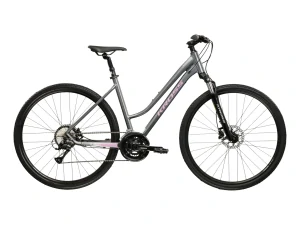 KROSS EVADO 4.0, model 2026, pneu 28", barva šedá/růžová - ZDARMA dopravné, seřízení, odborná montáž a sada světel!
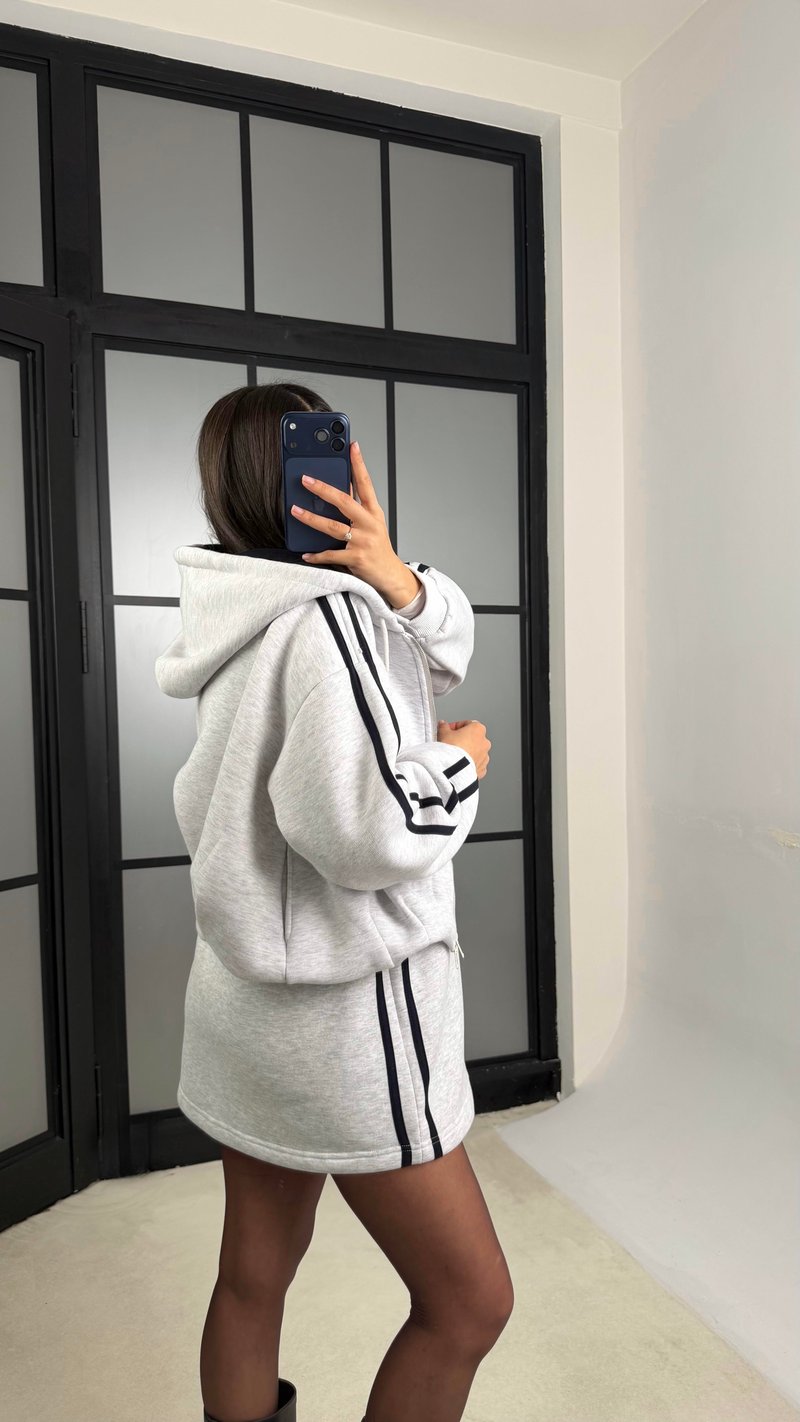 Gri Lacivert Şerit Detaylı Hırka Beli Bağcıklı Etek Şardonlu Takım Gaus-01174 GAUS-01175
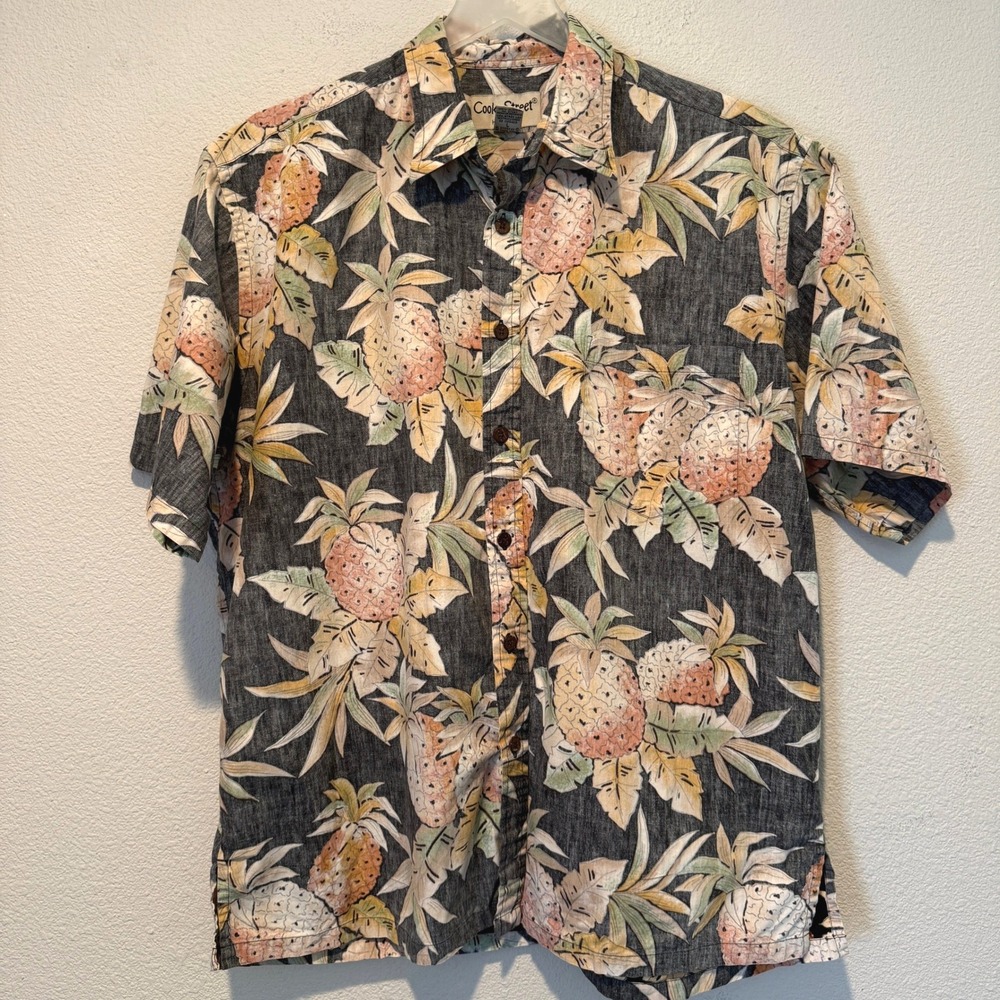 Cooke Street Honolulu Mens Large Pineapple Tropical Cotton Aloha Shirt Charcoal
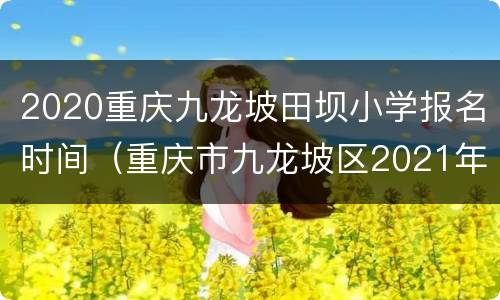 2020重庆九龙坡田坝小学报名时间（重庆市九龙坡区2021年小学招生时间）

**What the task asks**.
Everything in the data must be printed verbatim except the pictures.

**Written solution**.
 KROSS EVADO 4.0, model 2026, pneu 28", barva šedá/růžová - ZDARMA dopravné, seřízení, odborná montáž a sada světel!
 Gri Lacivert Şerit Detaylı Hırka Beli Bağcıklı Etek Şardonlu Takım Gaus-01174 GAUS-01175
 Cooke Street Honolulu Mens Large Pineapple Tropical Cotton Aloha Shirt Charcoal
 2020重庆九龙坡田坝小学报名时间（重庆市九龙坡区2021年小学招生时间）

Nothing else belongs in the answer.